昨夜来の雨。 朝、未だ雨は止まない。 グランド・レベルにあるレストランで朝食を一人で取り、リュックに地図とカメラを詰める。 雨はようやく止んできた。 ホテル前の牧草地に囲まれた駐車場に止めてあったレンタカーを雨上がりのローヌ・バレーに繰り出した。 Susten から谷間の僅かな平地に伸びる国道9号線を東に向かう。 Zermattへの分技点 Visp迄のポプラ並木に沿う直線道路を走る清清しい快感は、今も昔も変わらない。 途中谷間の狭い平地にスイス空軍の滑走路が見える。 このような滑走路はスイスの狭い平地に至る処にある。 国民皆兵制の軍備に裏打ちされた永世中立国の気概を垣間見る。 丁度滑走路に沿う9号線が一部工事中になっている部分がある。 迂回路のサインに従って車を進めると、そのスイス空軍のジェット戦闘機が離着陸する滑走路を走ることになった。 Vispの街の発展には少し驚きを覚える。 品数の揃ったデパートの食品売り場並に立派なCOOP、街道沿いに軒並ぶ洒落たレストラン・カフェやブテイック、新しい事務所や住宅ビル。 全てが新しく輝いて見える。 
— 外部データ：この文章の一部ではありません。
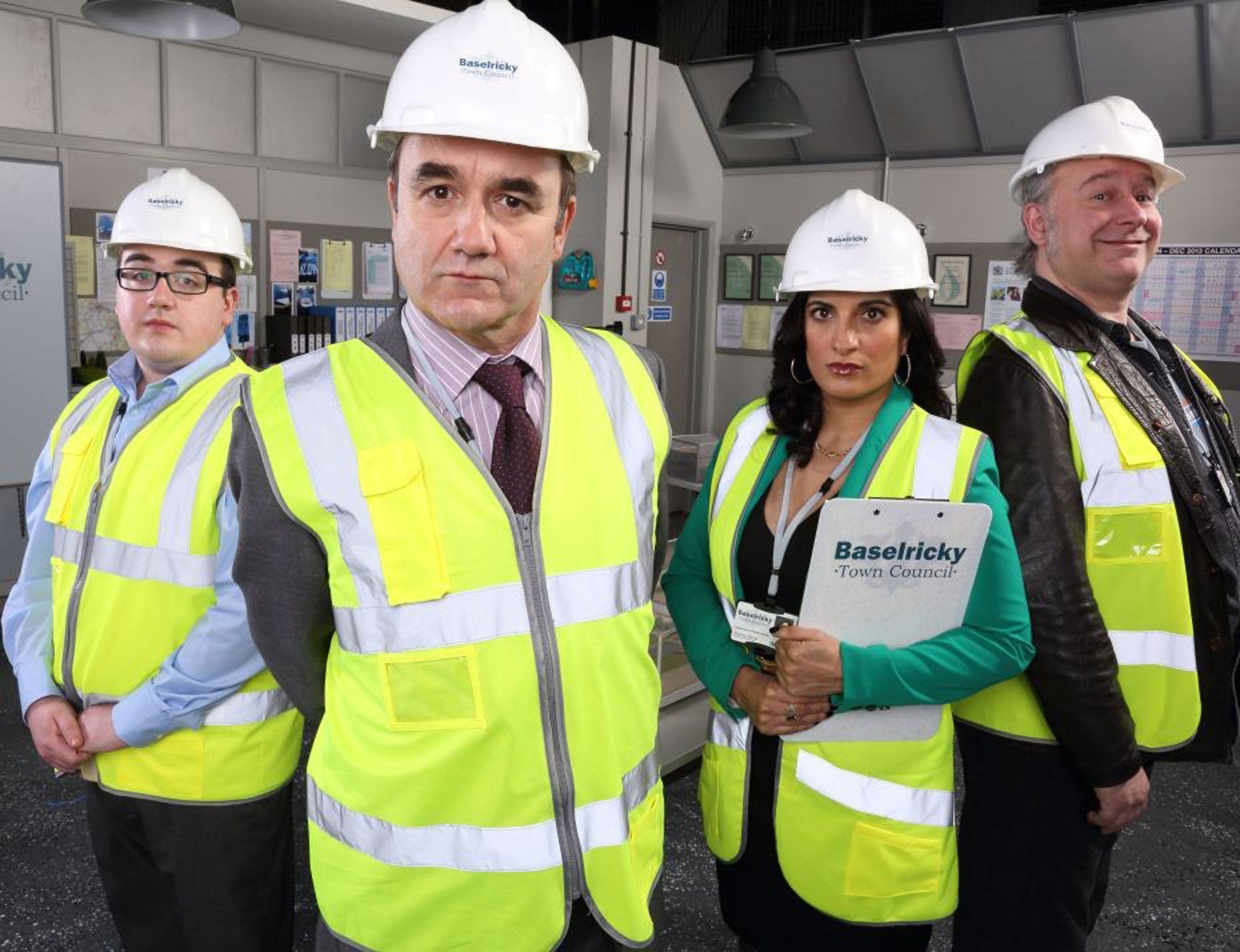 High-vis low comedy: (from left) Luke Gell, David Haig, Mina Anwar and Toby Longworth in 'The Wright Way'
Brig の街の手前では立派なバイパス道路が出来ており、シンプロン峠、ゴムス、市内への分技ロータリーがある。 そう言えば以前は無かったロータリーを今回多くみる。 ロータリーをゴムス方面に出る。 すると道は突然トンネルには行った。 Brig の街を見ることなくゴムス方面行きの道に出てしまった。 Brig の街を見なかったのは少し残念な気持ちである。

ゴムスの谷間の狭い道に入ったころ雨は完全にやんだ。 水蒸気が山の肌から盛んに立ちあがる。 箱根でも良く見かける風景であるが、ここの山はスケールが全然ちがう。 空の雲はまだ厚い。 この分ではフルカ峠のローヌ氷河は見えるだろうか。 少し心配ではあるがすがすがしい空気の中、車を進める。 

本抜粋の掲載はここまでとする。